Build a production CloudWatch dashboard for a running service
Instrument a running Lambda or ECS service with custom CloudWatch metrics, define alarms for error rate and p99 latency, add anomaly detection to catch gradual degradation, and build a CloudWatch dashboard that shows the full service picture in one view; all managed in Terraform.
Why this matters
CloudWatch is the monitoring system you already have in every AWS account. Most engineers only use the basic metrics emitted automatically. Building a custom dashboard forces you to decide what failure looks like before it happens; which is the core discipline of SRE applied to a single service. An alarm without a dashboard is a page with no context.
Before you start
- A running AWS Lambda or ECS service (the Lambda from the previous exercise works perfectly)
- Terraform for infrastructure management
- AWS CLI for manual testing
- Basic understanding of what p50/p95/p99 latency means
Step-by-step guide
- 1
Emit custom metrics from your service
In the Lambda handler, use boto3 to call put_metric_data with a custom namespace (e.g., MyApp/Lambda). Emit: request_count (Count), error_count (Count), response_time_ms (Milliseconds). Invoke the function 20 times with varied inputs. Verify the metrics appear in CloudWatch Metrics within 2 minutes.
- 2
Create CloudWatch alarms in Terraform
Write aws_cloudwatch_metric_alarm resources for: error rate above 5% (use a math expression: error_count / request_count), and p99 latency above 500ms.
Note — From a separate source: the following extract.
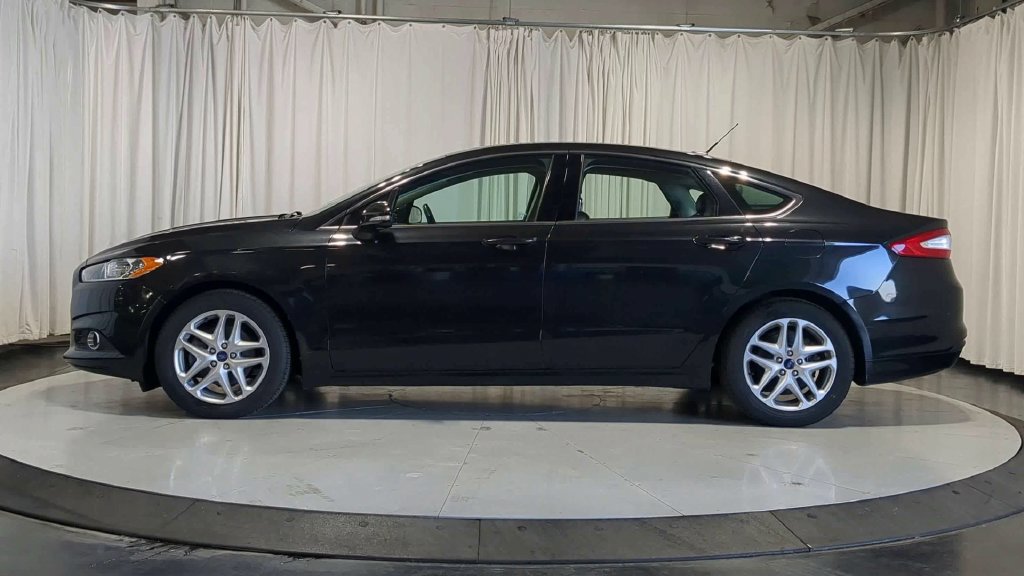Used 2013 Ford Fusion SE FWD image 6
Set alarm_actions to an SNS topic. Test by triggering the alarm manually with aws cloudwatch set-alarm-state.
- 3
Add anomaly detection
For the latency alarm, change the comparison to use ANOMALY_DETECTION_BAND. CloudWatch will model the normal latency pattern and alert when it deviates significantly. This catches gradual performance degradation that a static threshold misses. The band becomes accurate after 24 hours of data.
- 4
Build the dashboard in Terraform
Write an aws_cloudwatch_dashboard resource with a JSON dashboard body. Add widgets: a number widget for current error rate, a line graph for p99 latency over 1 hour, a log insights widget showing the last 10 error log lines. Use Terraform's jsonencode() to avoid manual JSON escaping.
- 5
Add a composite alarm
Create an aws_cloudwatch_composite_alarm that fires when both the error rate alarm AND the latency alarm are in ALARM state simultaneously. This reduces alert fatigue: a single noisy metric is informational, but two correlated bad metrics means something is genuinely wrong.
- 6
Test the full alert path
Deliberately break the function (raise an exception for all requests). Verify: metrics spike, alarms transition to ALARM, SNS sends a notification, composite alarm fires. Fix the function and verify alarms recover. The test is complete when you can describe the full path from bad request to recovery.